Grâce à la présence dans le vestiaire des leaders Bonato, Gavillet et Schürmann, Gérard Castella parvient à ne pas s’affoler et à garder le contrôle de l’équipe pour la préserver en LNA. Cependant, il ne poursuivra pas l’aventure car les ambitions du club, revues à la baisse, n’étaient plus compatibles avec sa philosophie. "Avant même le début du championnat, on m’a dit: l’objectif pour 1987 est de jouer en LNB. De mon côté, je ne pouvais pas être d’accord avec ce discours. Et puis, je voulais également me rapprocher de ma famille à Genève après la naissance de mon fils".
Le blues sportif et économique
La 2e partie des années 1980 marque la fin de la période florissante du "VS". L'entraîneur Guy Mathez viendra tenir la barre de l’équipe pendant une année entre 1986 et 1987. Vevey-Sports sera ensuite relégué en 2e division et tombera même jusqu’en 2e ligue en 1991. Par la suite, il se maintiendra en 1re ligue jusqu'en 2004 et sera ensuite mis en faillite une année plus tard.
Une culbute vécue en parallèle aux difficultés du tissu économique veveysan dès 1989. Le taux de chômage atteindra les 13% en 1993 après la fin des activités des Ateliers de constructions mécaniques et de Rinsoz-Ormond.
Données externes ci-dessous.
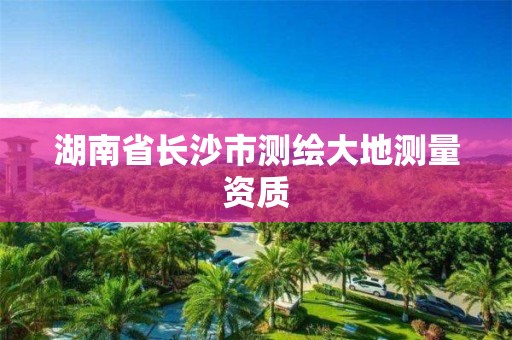 湖南省长沙市测绘大地测量资质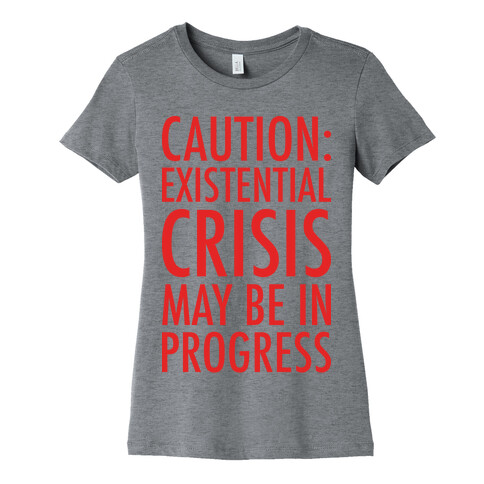 Caution: Existential Crisis May Be In Progress Womens T-Shirt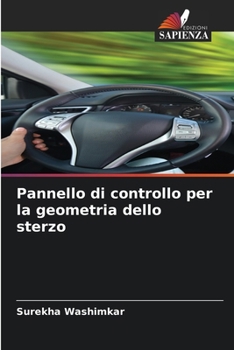 Pannello di controllo per la geometria dello sterzo (Italian Edition)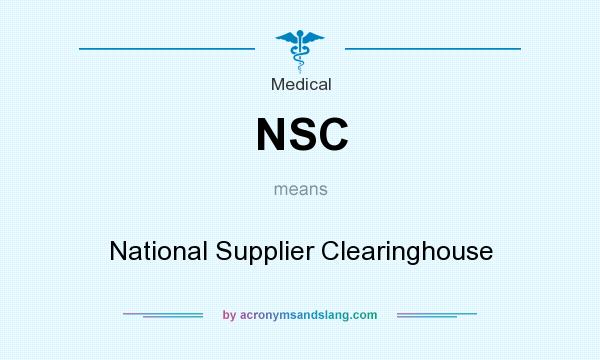 What does NSC mean? It stands for National Supplier Clearinghouse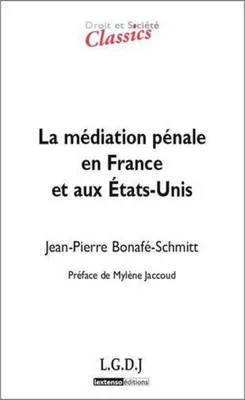 La médiation pénale en France et aux Etats-Unis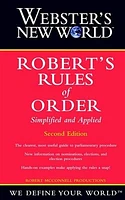 Webster's New World<small>TM</small> Robert's Rules of Order Simplified and Applied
Heureusement, sous l’impulsion d’Ernesto Bertarelli, l’usine de Rinsoz trouvera rapidement une nouvelle affectation avec l’arrivée de Serono et le développement de la biotechnologie.
Chapitre 4
Le menu du futur: infrastructures, Promotion League, formation
RTS - Sébastien Schorderet
Sur le plan sportif, la reconstruction se fait progressivement depuis l'arrivée de William Von Stockalper à la tête de Vevey-Sports. "Je pense que la situation de Vevey dans le football n'est pas défavorable. Il y a une carte à jouer pour cette ville en développant un football qui mise sur la jeunesse et qui en fasse davantage pour le football féminin", analyse Yves Christen.
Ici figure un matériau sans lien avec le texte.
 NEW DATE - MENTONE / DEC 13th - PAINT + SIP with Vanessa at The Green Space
"Bien sûr, on souhaite avoir plus de Veveysans dans la 1re équipe à l'avenir. Mais il y a souvent beaucoup d'appelés et peu d'élus. Actuellement, il y en a 6 sur un effectif de 23. Le but serait d'accueillir plus de jeunes et de les encadrer avec 6-7 mercenaires plus expérimentés. De par notre position géographique, on pourrait aussi donner dans le futur la possibilité à d’autres jeunes de l’Arc lémanique ou du Valais d’avoir une chance de percer", souligne William von Stockalper.
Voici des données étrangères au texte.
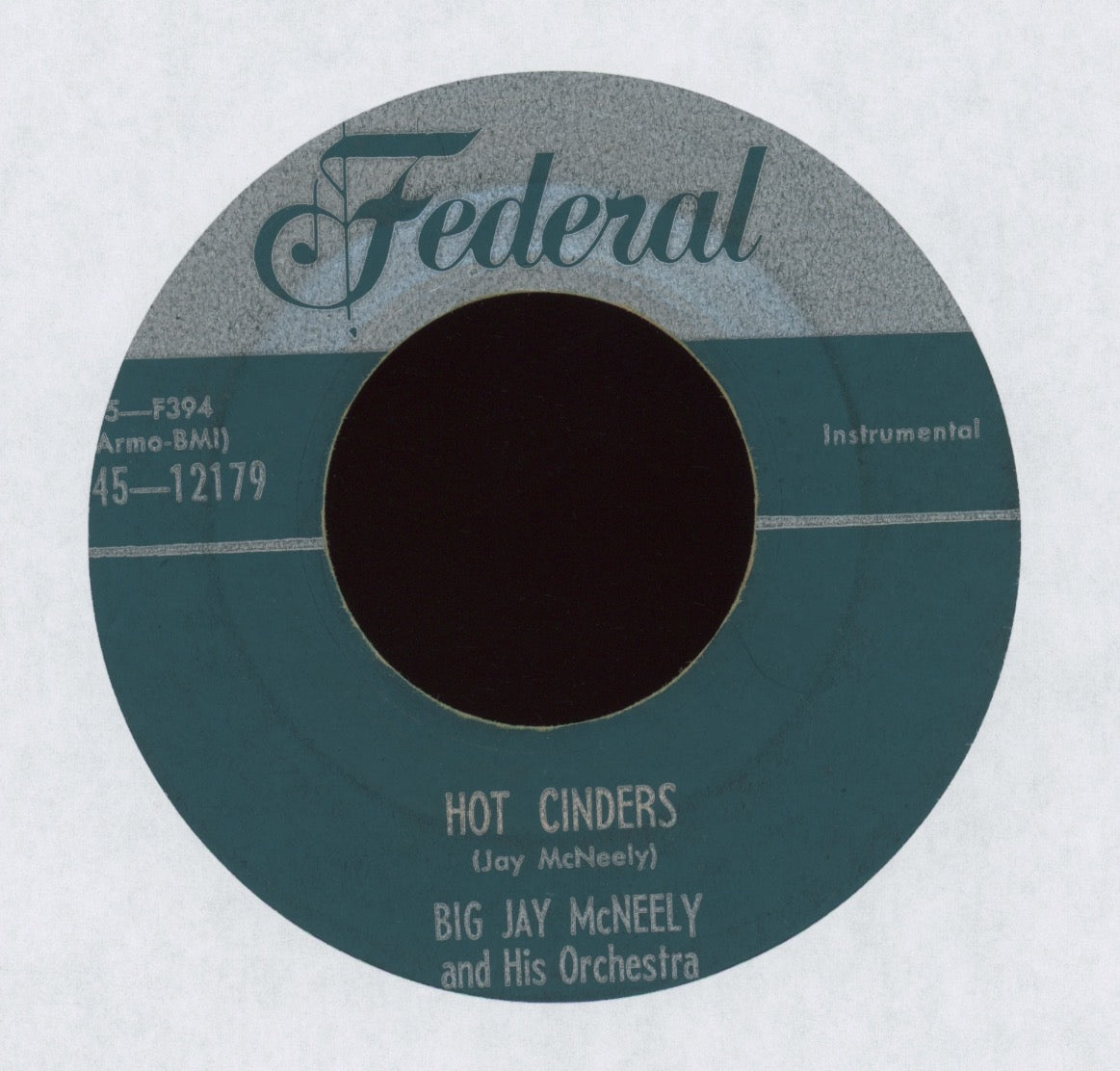 Big Jay McNeely And His Orchestra - Hot Cinders / Whipped Cream on Federal Silver Top Instro R&B 45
Une alternative pour les M21
"Notre réflexion pour la suite passe par trois points: modification des infrastructures au niveau du stade, ascension en Promotion League (3e divison) et jouer un rôle de club formateur. En étant présent en Promotion League, on pourrait offrir une alternative aux jeunes des M21 des clubs de Super League qui ont leur horizon bloqué. Actuellement, certains rechignent à venir chez nous parce que nous ne sommes pas dans la même ligue".
"Enfin, le club se doit maintenant de montrer aux pouvoirs politiques de la ville qu'il a évolué depuis 10 ans et qu'il peut y avoir un intérêt à investir à nouveau dans le football", conclut le président du Vevey United.